Records from a dataset:
———
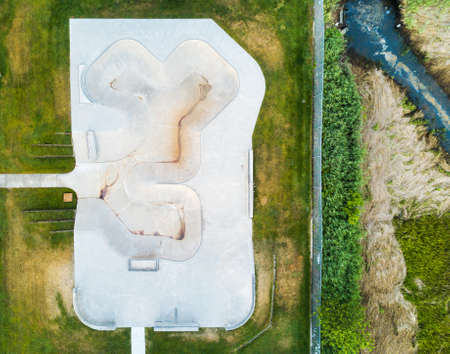 Empty skateboard and roller skates park aerial viewの写真素材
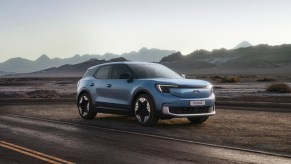 The new Ford Explorer EV rendering on a road with mountains in the background.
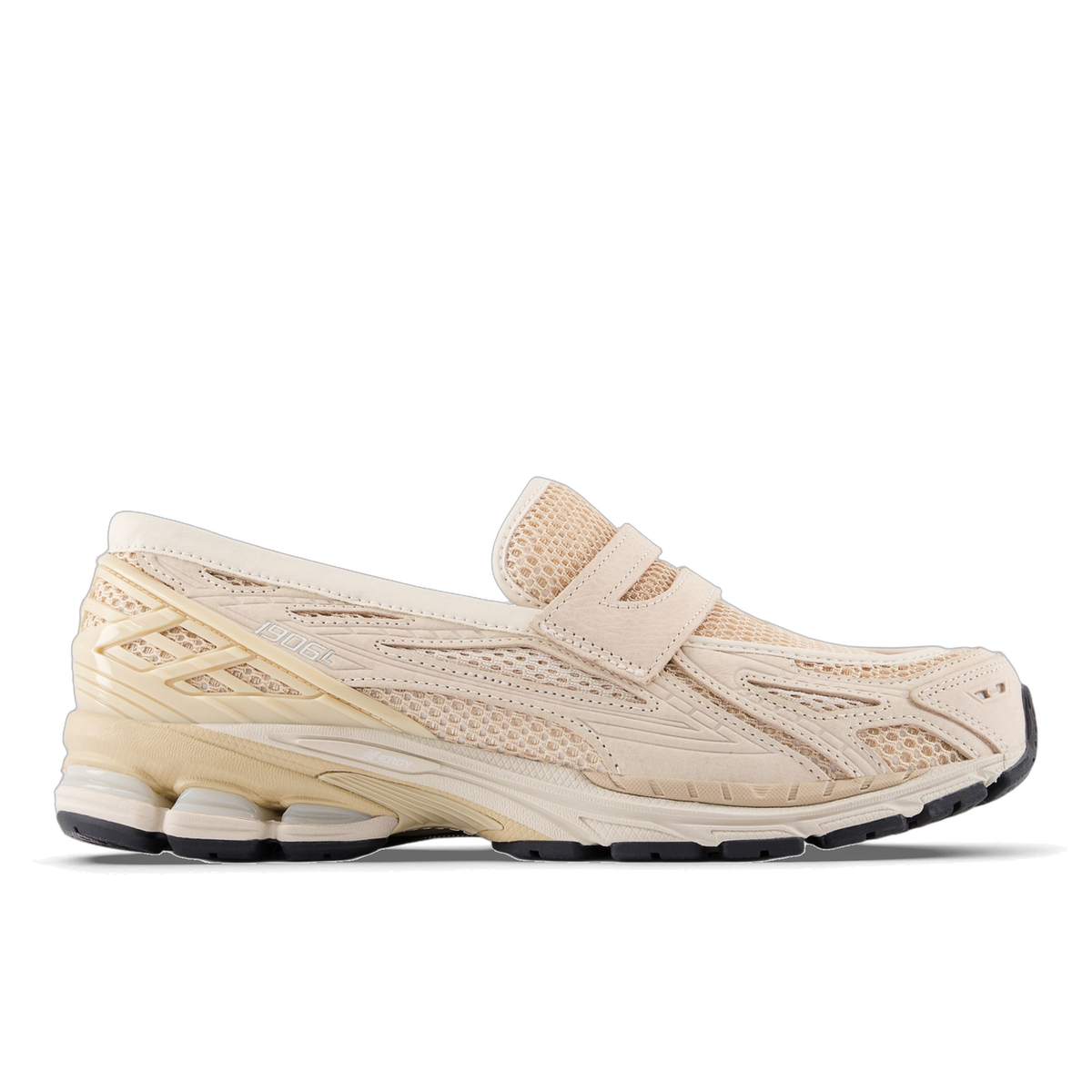 Side view of a beige New Balance 1906L slip-on sneaker with mesh panels, a velcro strap, and a chunky cream and black midsole, toe pointing left.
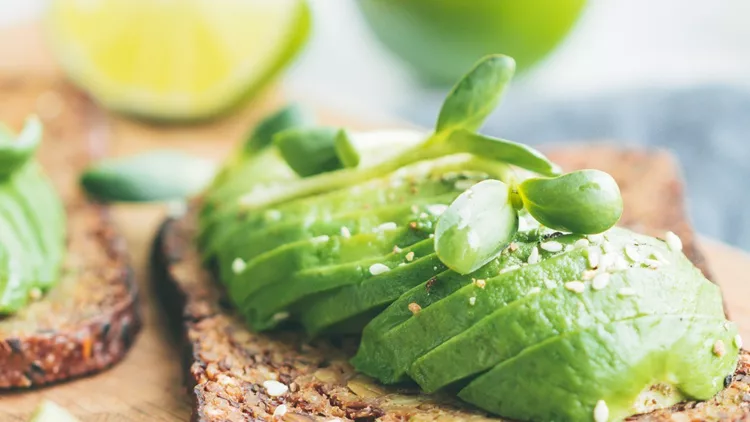 two-toasts-with-avocado-on-a-wooden-board-on-a-breakfast-table-the-picture-id1077286358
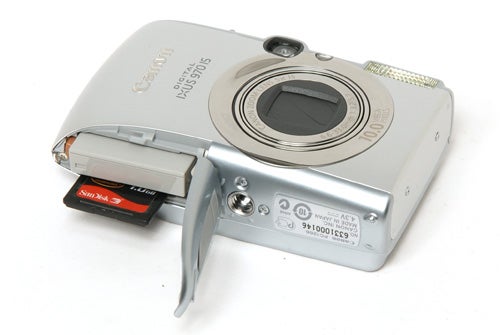 Canon IXUS 970 IS digital camera with memory card slot open.Canon Digital IXUS 970 IS camera with memory card slot open.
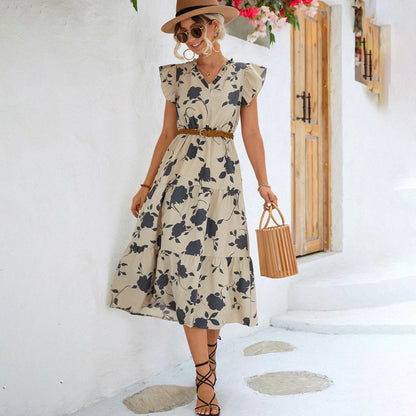 "Women's black midi dress with V-neck, floral print, side view"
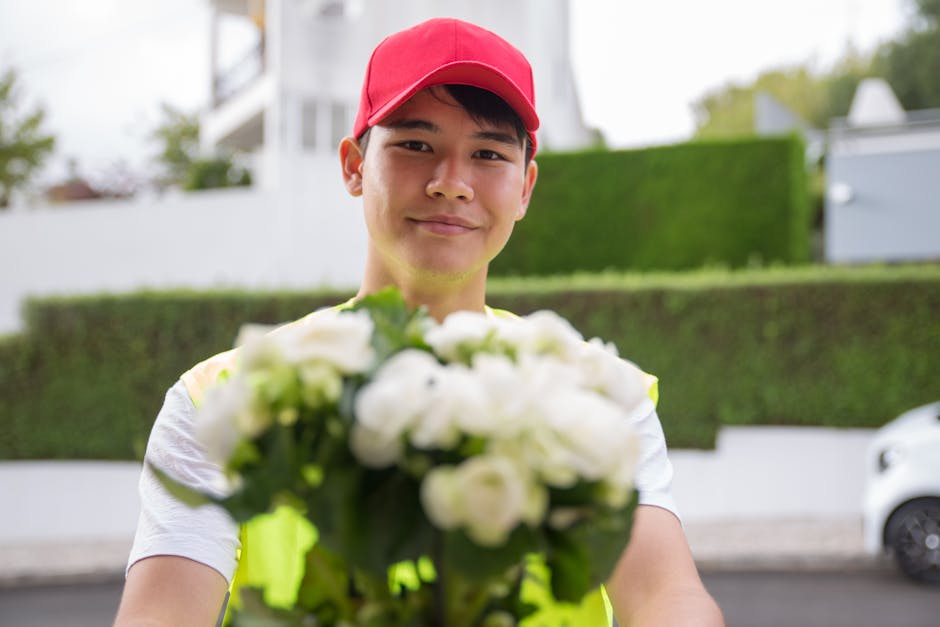 A young delivery person wearing a red cap and a high-visibility vest is holding a bouquet of fresh white roses, which are arranged with green foliage and wrapped in clear plastic. The individual is st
———
Reproduce the data above verbatim, minus any images.

 Empty skateboard and roller skates park aerial viewの写真素材
 The new Ford Explorer EV rendering on a road with mountains in the background.
 Side view of a beige New Balance 1906L slip-on sneaker with mesh panels, a velcro strap, and a chunky cream and black midsole, toe pointing left.
 two-toasts-with-avocado-on-a-wooden-board-on-a-breakfast-table-the-picture-id1077286358
 Canon IXUS 970 IS digital camera with memory card slot open.Canon Digital IXUS 970 IS camera with memory card slot open.
 "Women's black midi dress with V-neck, floral print, side view"
 A young delivery person wearing a red cap and a high-visibility vest is holding a bouquet of fresh white roses, which are arranged with green foliage and wrapped in clear plastic. The individual is st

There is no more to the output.